[[ Exercise data, beginning ]]

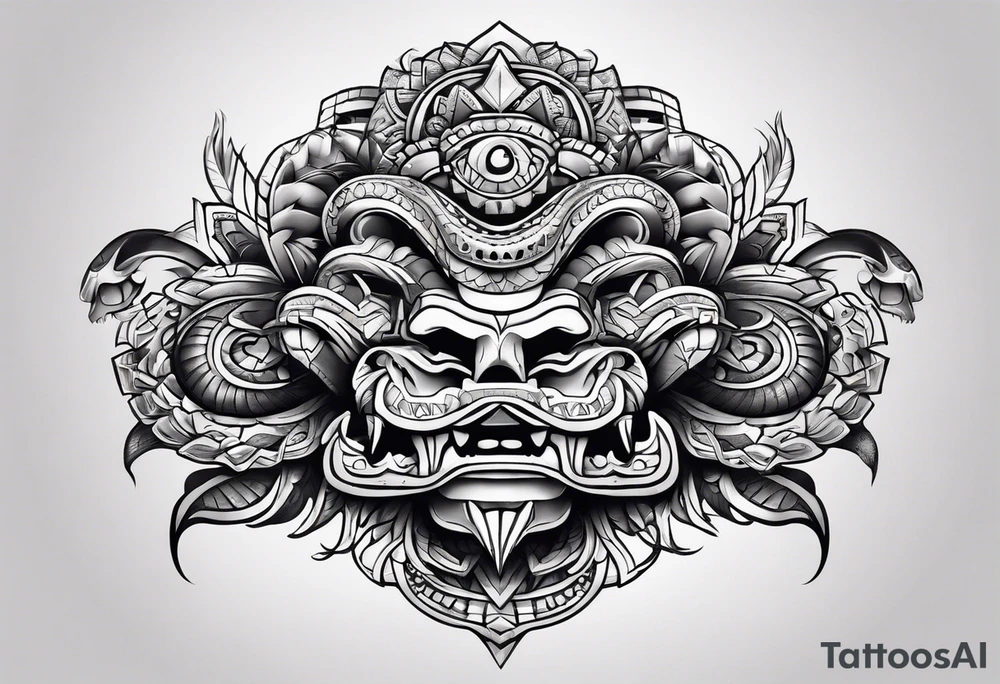 Aztec snake tattoo idea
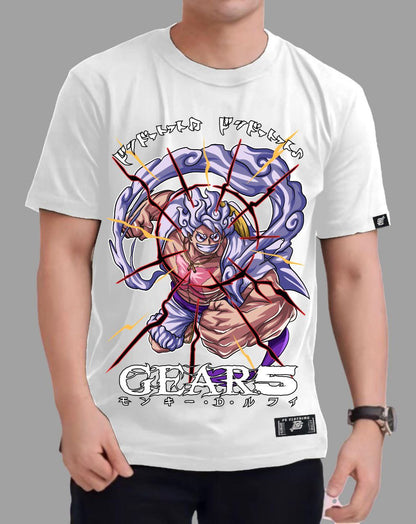 ONE PIECE LUFFY "GEAR 5TH WITH EMPEROR HAKI"  ROUND NECK REGULAR FIT ANIME PREMIUM DESIGN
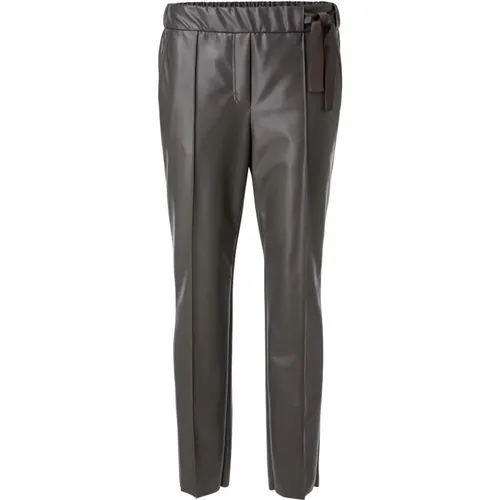 Leather Straight Leg Pants , female, Sizes: M, XL - Marc Cain - Modalova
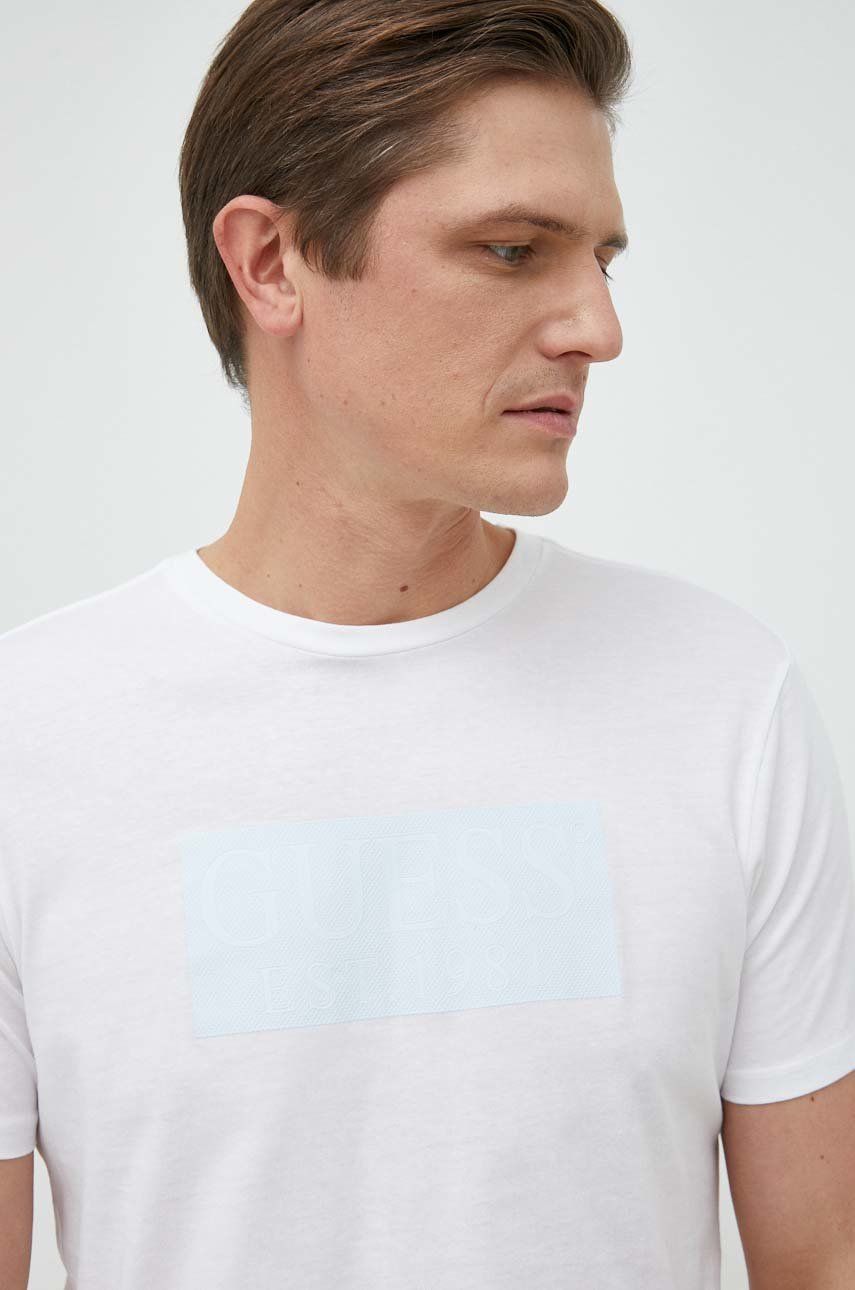 Bavlněné tričko Guess bílá barva, s potiskem - bílá -  100% Bavlna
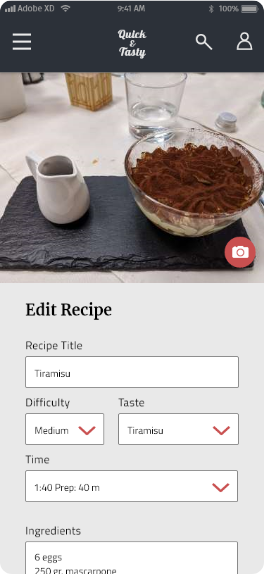 the edit recipe screen has a picture and multiple input fields, from the recipe title, to its difficulty, taste, time and ingredients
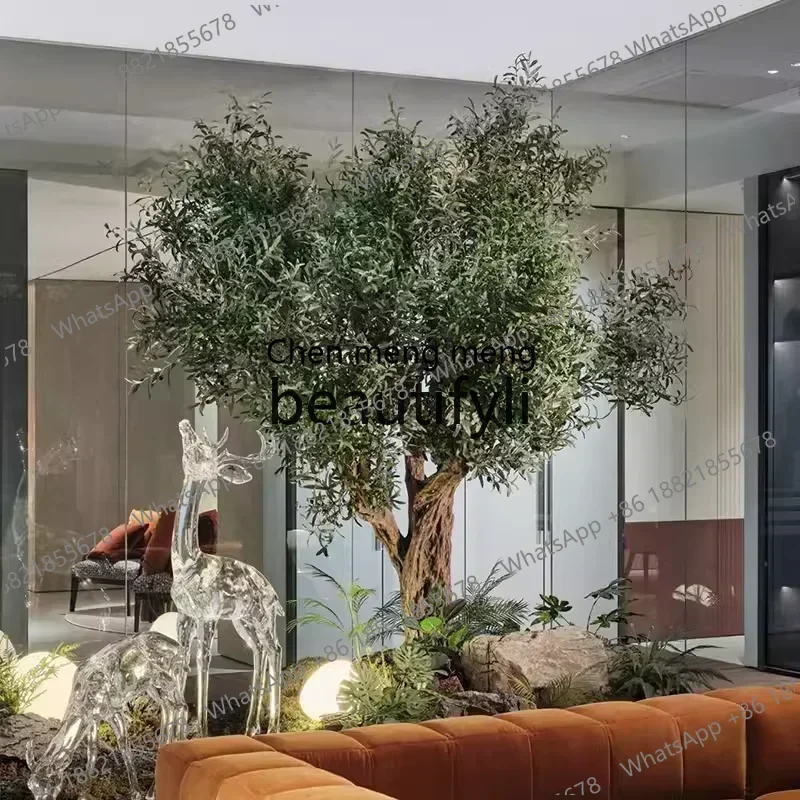 32Simulated olive tree Large floor-to-ceiling green plants Indoor and outdoor landscape decoration False tree Nordic style
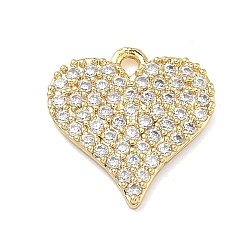 Прозрачный Латунные микро проложить кубического циркония подвески, реальный 18 k позолоченный, сердце прелести, прозрачные, 14x14x2 мм, отверстие : 1.5 мм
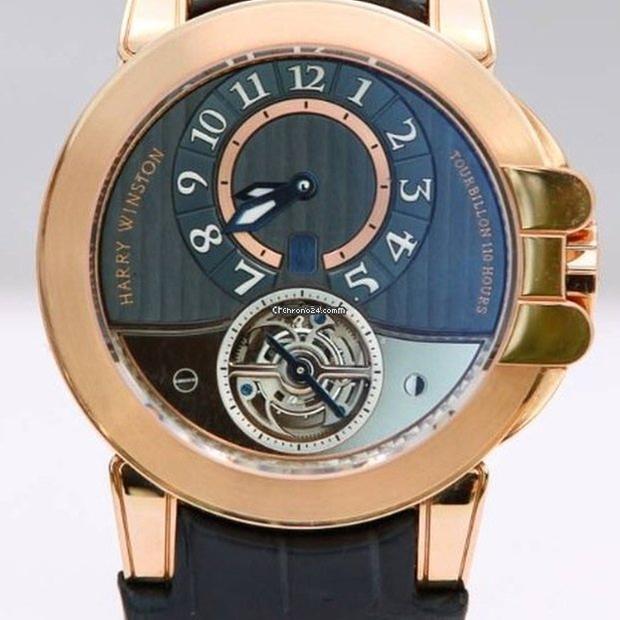 Harry Winston Ocean Automatic Men's Watch Rose Gold Case With Crocodile skin Strap Authentic Luxury Timepiece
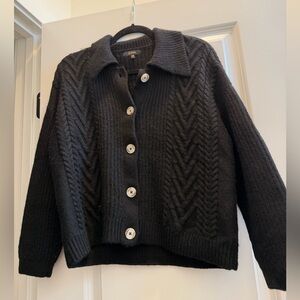 Quince Black Button-Up Cardigan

[[ Exercise data, end ]]

--- Work task ---
Starting with the first line of the material, print each line exactly until you have printed the line with "Bavlněné tričko Guess", and skip the pictures.

--- Exercise result ---
 Aztec snake tattoo idea
 ONE PIECE LUFFY "GEAR 5TH WITH EMPEROR HAKI"  ROUND NECK REGULAR FIT ANIME PREMIUM DESIGN
 Leather Straight Leg Pants , female, Sizes: M, XL - Marc Cain - Modalova
 Bavlněné tričko Guess bílá barva, s potiskem - bílá -  100% Bavlna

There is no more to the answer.